= William Selwyn (barrister) =

British lawyer

William Selwyn (1775–1855) was an English lawyer, known as a legal author.

==Life==
He was the second son of William Selwyn, treasurer of Lincoln's Inn in 1793, by Frances Elizabeth, daughter of John Dod of Woodford, Essex. George Augustus Selwyn, the wit, was his father's first cousin. He was educated at Eton College, and St. John's and Trinity Colleges, Cambridge, where he graduated B.A. in 1797, as first chancellor's medallist in classics, senior optime in the Mathematical Tripos; and proceeded M.A. in 1800.

From Lincoln's Inn, where Selwyn was admitted a student in 1797, he was called to the bar on 24 November 1807, and was elected treasurer of his Inn in 1840. He went onto the western circuit, was recorder of Portsmouth from 1819 to 1829, and took silk in the Trinity vacation of 1827.

Soon after the marriage of Queen Victoria, Selwyn was chosen to assist Albert, Prince Consort in his legal studies.

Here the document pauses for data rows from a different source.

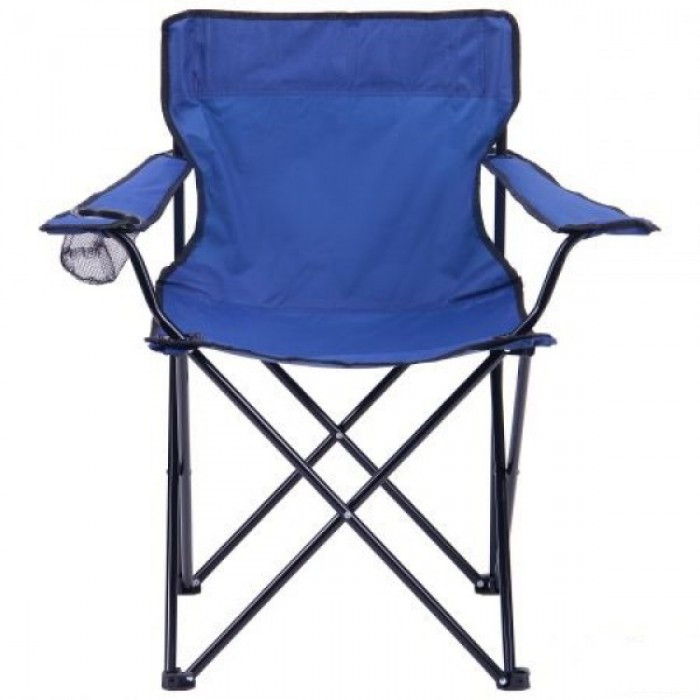Стул раскладной со спинкой WOW HX 001 Кресло туристическое с подстаканником Синий - фото 3 - id-p1668707563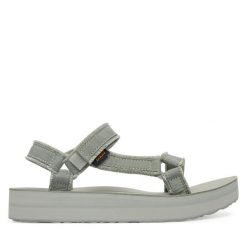 Sandały Teva. Zielone sandały damskie Teva, bez wzorów, bez obcasa, na płaskiej podeszwie, bez zapięcia. Za 349.99 zł.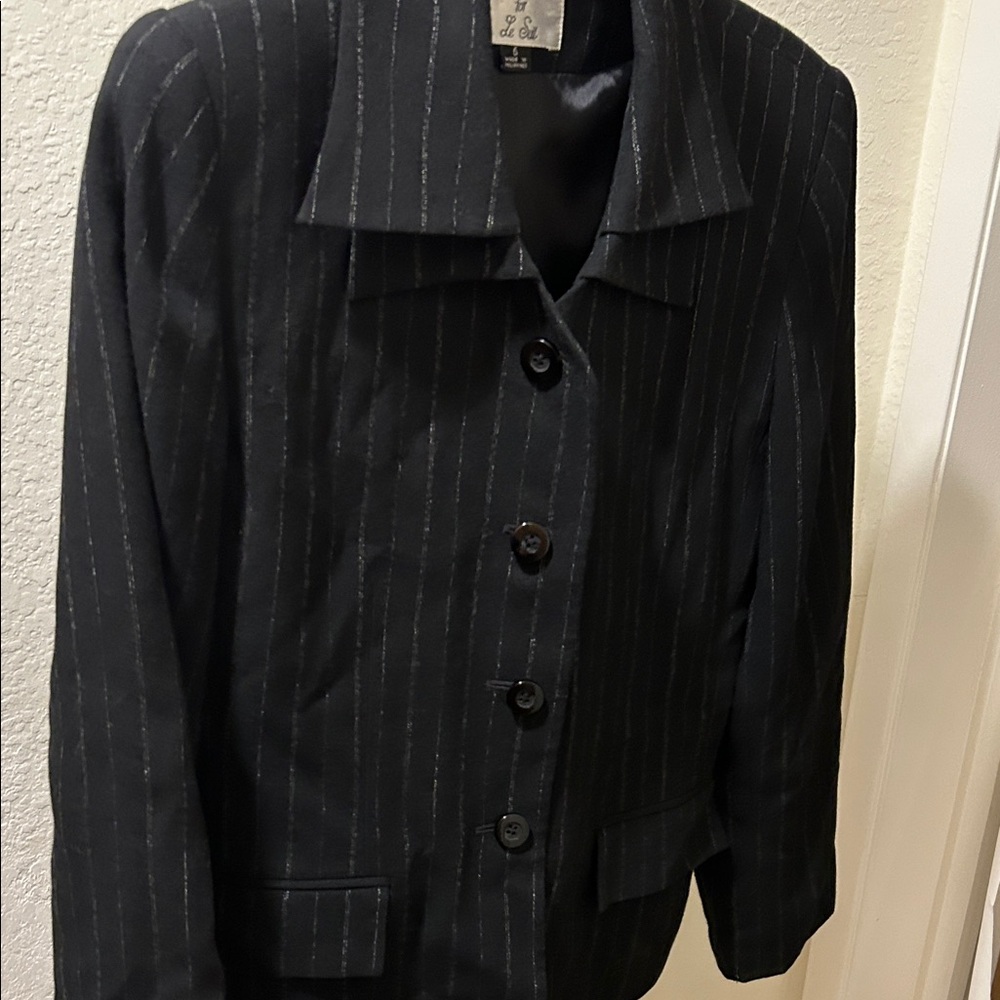 LE SUIT Black Pinstripe Blazer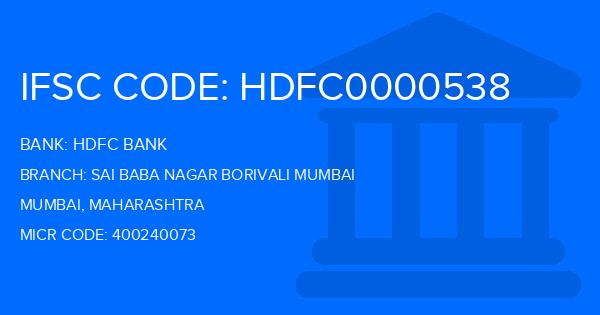 Hdfc Bank Sai Baba Nagar Borivali Mumbai Branch IFSC Code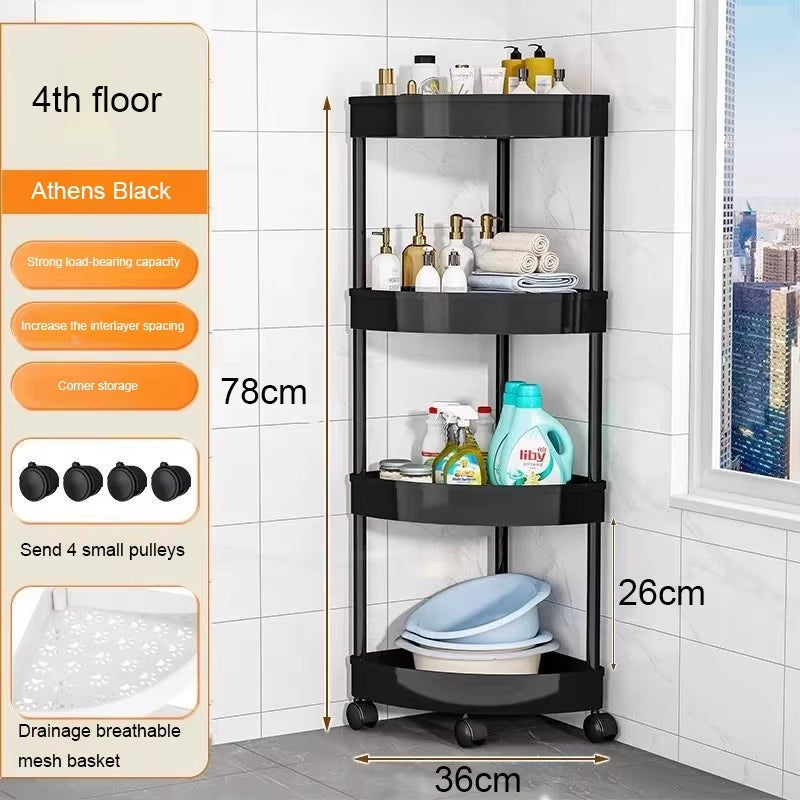 3/4/5 Tier Trolley Organizer Kitchen Gap Storage Rack Triangle Bathroom Storages Racks Bathroom Shelf Corner Storages Cabinet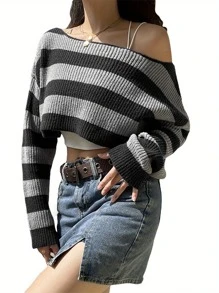 Women Fall Cropped Sweater, Knitted Stripe Off Shoulder Long Sleeve Pullover Knitwear Streetwear For Girls Fall Autumn Winter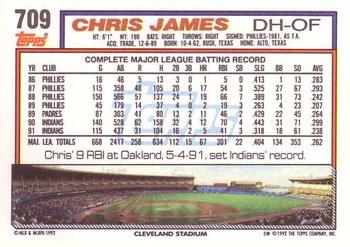 1992 Topps #709 Chris James Back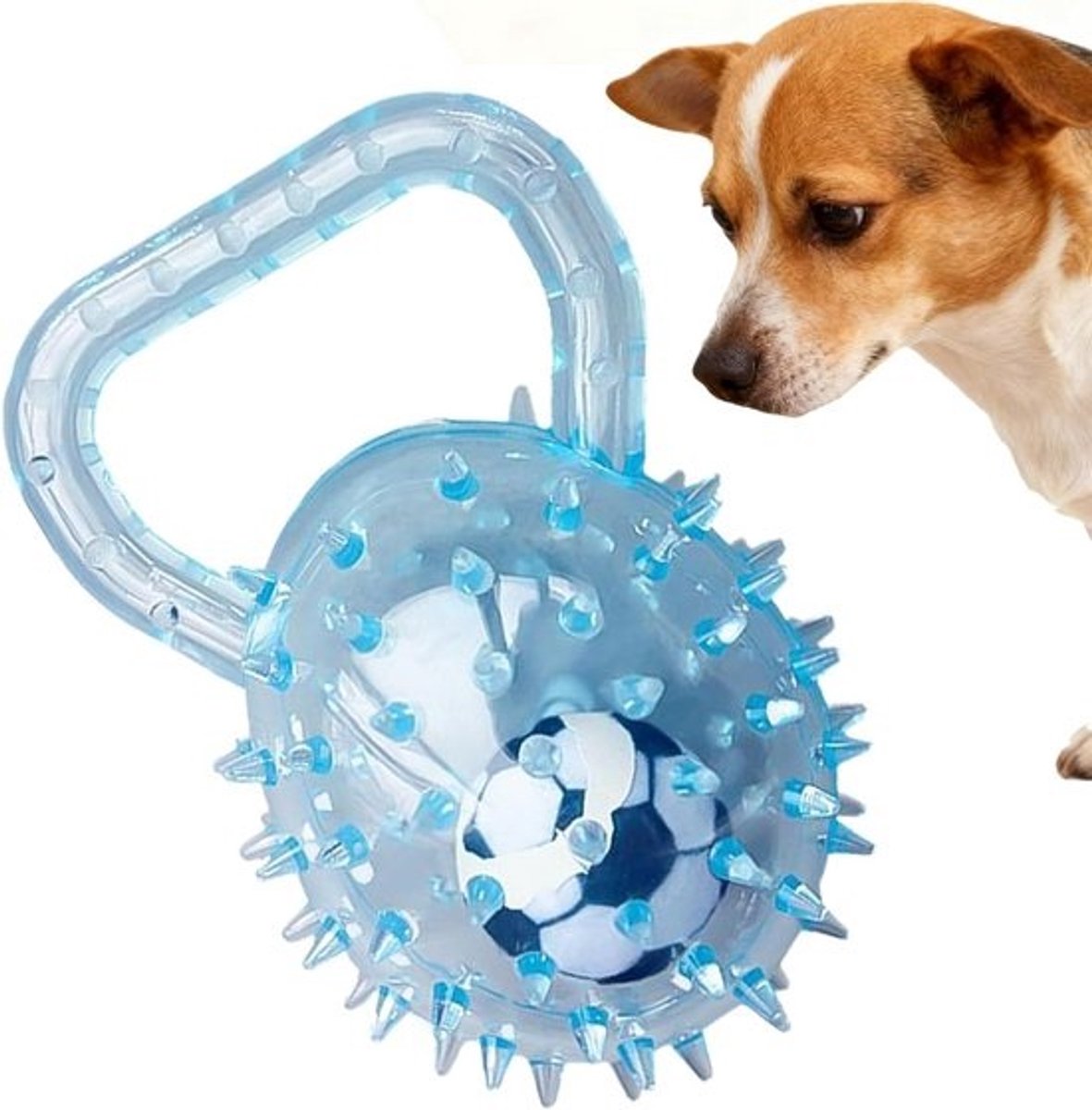 Interactieve Hondenbal - Kauwspeelgoed Bal - Stimuleren Hond - Onvoorspelbaar Springpatroon - 15 x 10 x 10 cm - Meerdere Kleuren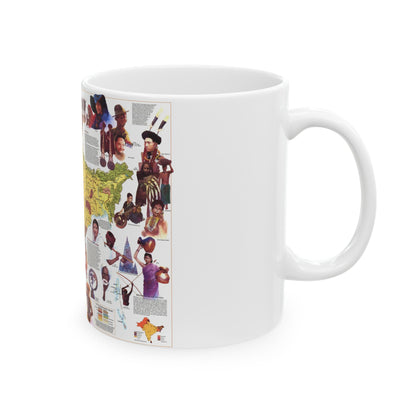 Asia - Peoples of South (1984) (Map) White Coffee Mug-The Sticker Space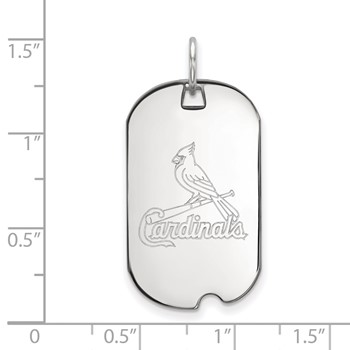14k White Gold Major League Baseball LogoArt St. Louis Cardinals Small Dog Tag Pendant — alternate view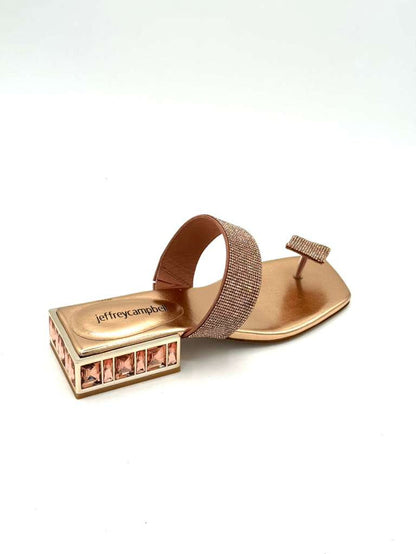 Rose Gold Crystal-Strap Toe-Ring Sandal Alice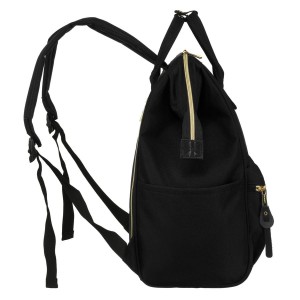 Duży plecak damski z poliestru w czarnym kolorze z miejscem na laptopa - Peterson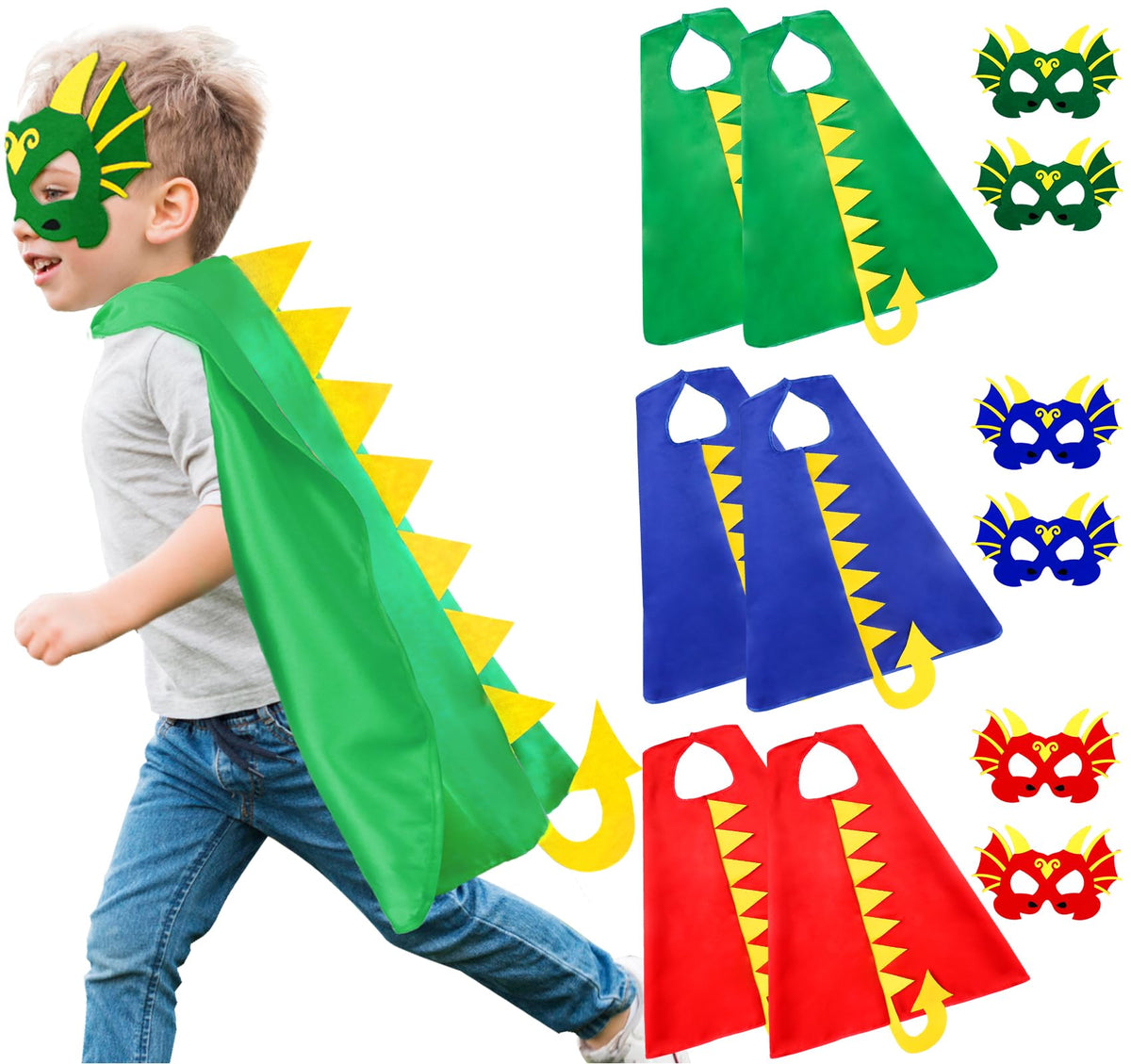 iROLEWIN dinosaur capes 6-pack for kids, durable dress-up fun for imaginative play.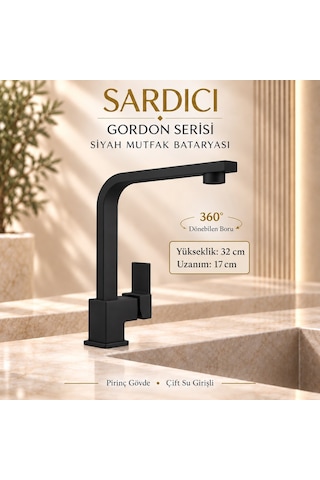 Sardıcı Gordon Mat Siyah 3 Lü Mutfak Lavabo Banyo Batarya Seti Dirsek Takımı Dahil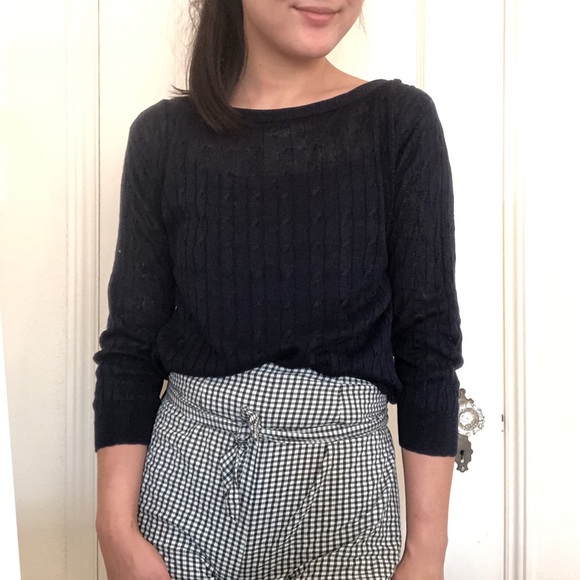 j. crew linen cable knit sweater in navy blue - Picture 3 of 8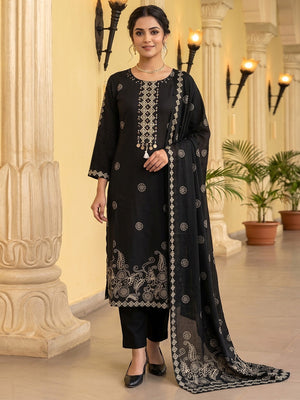 Elegant Black Pure Cotton Embroidered Straight Cut Salwar Suit Set - Image 1
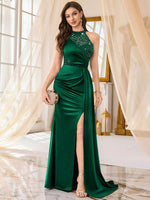 Halter Neck Sequin Floral Lace Contrast Satin Draped Side Split Thigh Evening Party Dress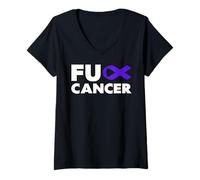 Donna Cazzo Cancer Tshirt - Cazzo Esofageo Cancro Consapevolezza Maglietta con Collo a V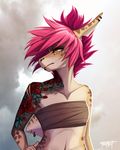  2017 amber_eyes anthro clothed clothing day female fin fin_piercing fish furgonomics furry-specific_piercing hair marine navel outside piercing pink_hair shark solo wolfirry 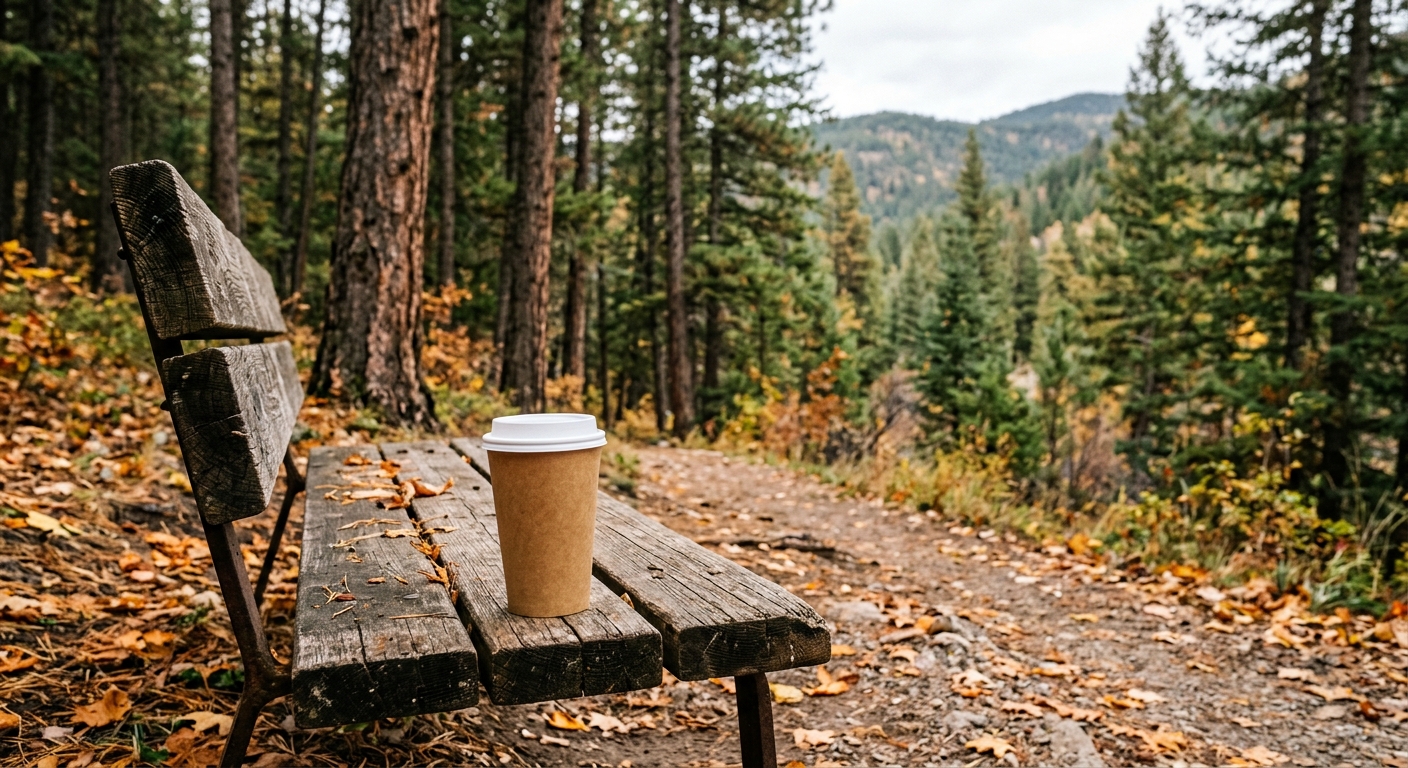 a plain paper coffee cup sitting on a rustic wooden bench in a rural mountain town park, surrounded by tall pine trees and fallen autumn leaves, natural everyda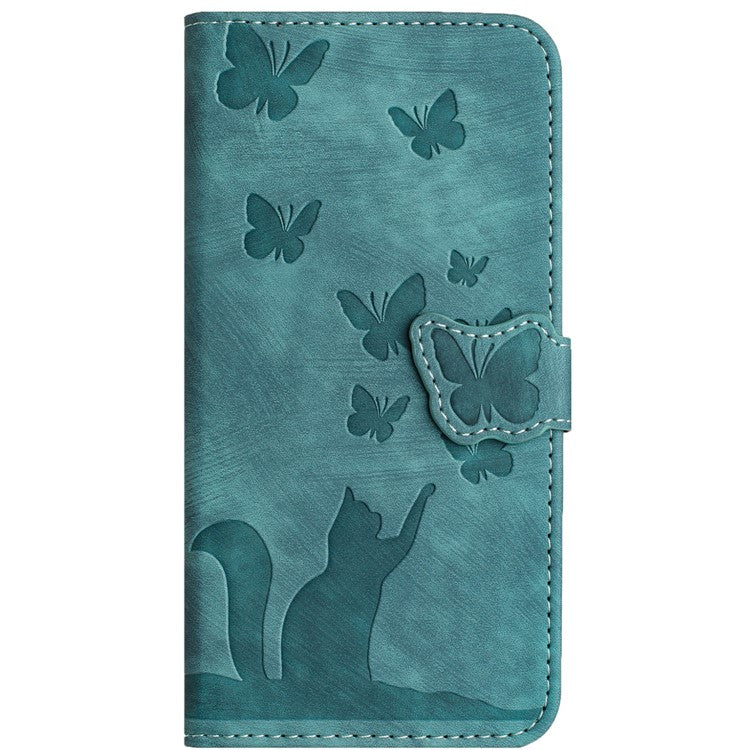 For Xiaomi Redmi Note 13 4G Case PU Leather Phone Cover Butterfly Cat Pattern - Green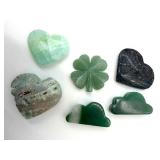 Variety of Stones including Jade - Hearts, Clover & Clouds (Lot of 6)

A valetudinarian in later life, he lived in retirement at Pagoda House, Kew Road, Richmond, Surrey, an estate inherited from his father in 1817. He died on 25 July 1855, while on a visit to Tunbridge Wells, and was buried in the neighbouring churchyard of Rusthall. A road later built near Pagoda House was named Selwyn Avenue after him.

Selwyn provided land for construction of St John the Divine, Richmond. The building was completed in 1836.

==Works==
Selwyn collaborated with George Maule in Reports of Cases argued and determined in the Court of King's Bench, London, 1814, 2 vols. He was author of Abridgment of the Law of Nisi Prius, 3 parts, London, 1806–8. A successful work, its 13th edition, by David Keane, Q.C., and Charles T. Smith, judge of the Cape of Good Hope, appeared in 1869.

==Family==
Selwyn married, in 1801, Lætitia Frances (died 1842), youngest daughter of Thomas Kynaston of Witham, Essex, by whom he had four sons:

1. William Selwyn (1806–1875);
2. George Augustus Selwyn (1808–1878), primate of New Zealand and bishop of Lichfield;
3. Thomas Kynaston (1812–1834), educated at Eton and Trinity College, Cambridge, author of Eton in 1829–1830: a diary of Boating and other Events, written in Greek, edited with memoir by Edmond Warre, 1903;
4. Sir Charles Jasper Selwyn (1813-1869);
and one other son who died in infancy.

and two daughters:

1. Lætitia Frances (1807-1886); and
2. Frances Elizabeth (1815-1903), wife of (1) George Peacock, dean of Ely and (2) William Hepworth Thompson, master of Trinity College, Cambridge.
and two other daughters who died in infancy.